| Without non-linearity | With ReLU between |
|---|
W2 · (W1·x + b1) + b2 = W' · x + b' | W2 · ReLU(W1·x + b1) + b2 does NOT collapse |
| Equivalent to a single linear layer | Genuinely new capacity per added layer |
A non-linearity (ReLU, sigmoid, tanh, …) between linear layers is what makes a network a network.
| Symbol | Meaning |
|---|
x | Image as a column vector (e.g. 3072 numbers for CIFAR-10) |
W1 [H × D] | First layer weights (D pixels, H hidden units) |
b1 [H] | First layer biases |
ReLU(z) | max(0, z), elementwise |
h = ReLU(W1·x + b1) | Hidden layer: H learned features |
W2 [K × H] | Final classifier weights |
b2 [K] | Final classifier biases |
s = W2·h + b2 | K class scores |
| In a linear classifier | In a 2-layer NN |
|---|
| One template per class | Many learned features per class (broken multi-modal limit) |
| Single hyperplane per class in pixel space | Many hyperplanes in hidden-feature space, combined non-linearly |
| Era | What got designed | What got learned |
|---|
| Pre-2012 | Features (SIFT, HOG, color histograms) by hand | Classifier weights only |
| Post-2012 (AlexNet on) | Architecture, data, training procedure | Features + classifier weights, end-to-end |
| Pass | What happens at every node (“gate”) |
|---|
| Forward | Compute output and remember local gradient(s) ∂output/∂input |
| Backward | Receive upstream gradient; multiply by local; send result to each input |
| Net effect | One forward + one backward pass yields gradients for EVERY weight |
Each node is completely local: it does not know the rest of the network.
| Inputs | Forward | Backward |
|---|
x=-2, y=5, z=-4 | q=3, f=-12 | df/dx=-4, df/dy=-4, df/dz=3 |
x=3, y=-1, z=2 | q=2, f=4 | df/dx=2, df/dy=2, df/dz=2 |
Same recipe scaled to thousands of gates is what backprop in a network does.

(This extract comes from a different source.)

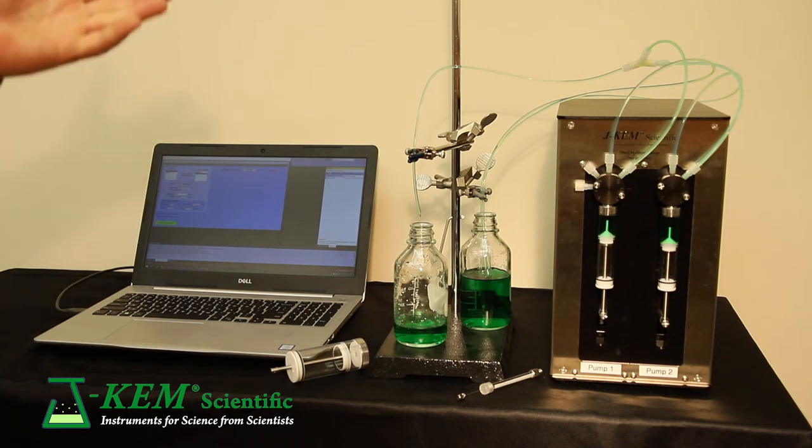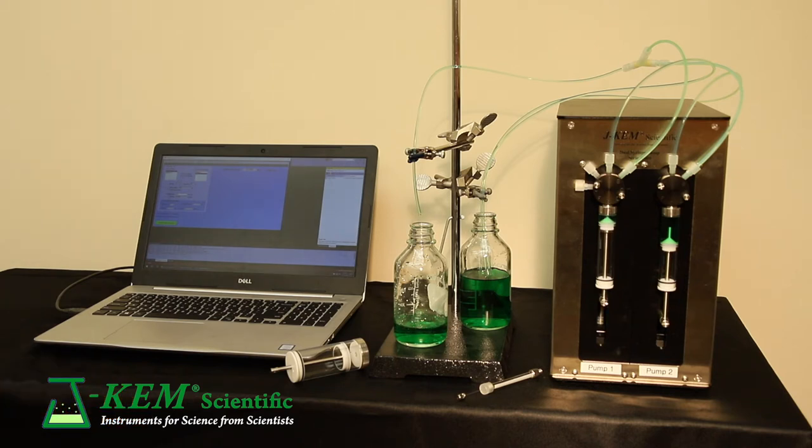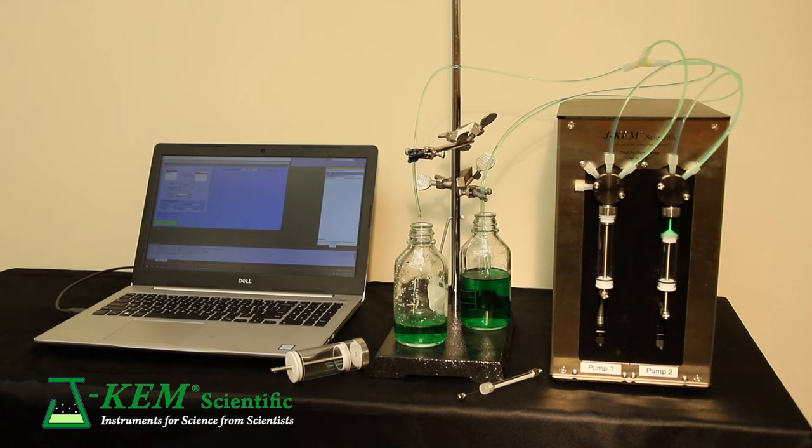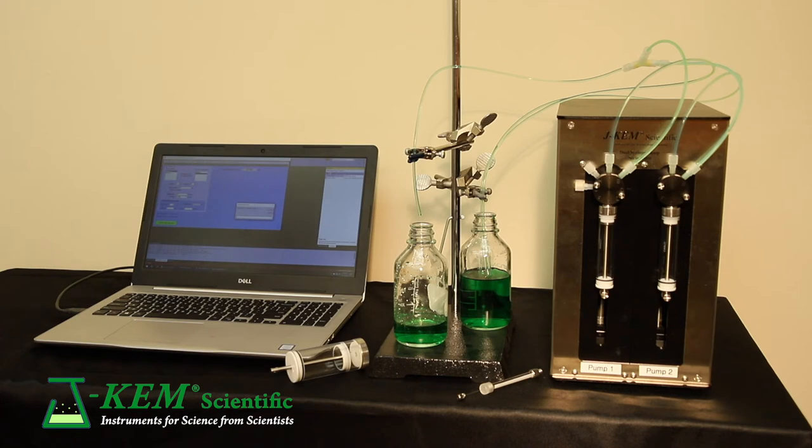In this case, I've asked it to deliver 35 milliliters. And it'll deliver 35 milliliters with absolutely no break in addition. This syringe pump just delivered 35 milliliters of continuous addition.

| Method | Cost for N weights | Used for |
|---|
| Numerical (finite differences) | O(N) forward passes | Gradient check only (sanity-check the analytic) |
| Backprop (analytic, chain rule) | 1 forward + 1 backward | Real training |
| Step | What |
|---|
| 1. Forward pass | h = ReLU(W1·x + b1); s = W2·h + b2 |
| 2. Loss | SVM or softmax/cross-entropy + regularization |
| 3. Backward pass | Backprop the chain rule: gradients for W1, b1, W2, b2 |
| 4. Step | W ← W - α * ∇L for every weight |
Repeat on the next mini-batch. Every classifier in this track runs this cycle.
| Pitfall | Reality |
|---|
| Deep means “smarter per layer” | Each layer is linear + non-linearity; depth = composition |
| Skip the non-linearity | Two linears without it = one linear; the extra layer is a no-op |
| Backprop is magic | It is the chain rule applied locally at every gate, in reverse order |
| Mixing up forward/backward | Forward: compute outputs + cache. Backward: compute gradients using the cache |
Add a non-linearity between linear layers so the hidden layer can learn features, then use backprop (the chain rule applied through the graph in one backward pass) to get the gradient for every weight at once.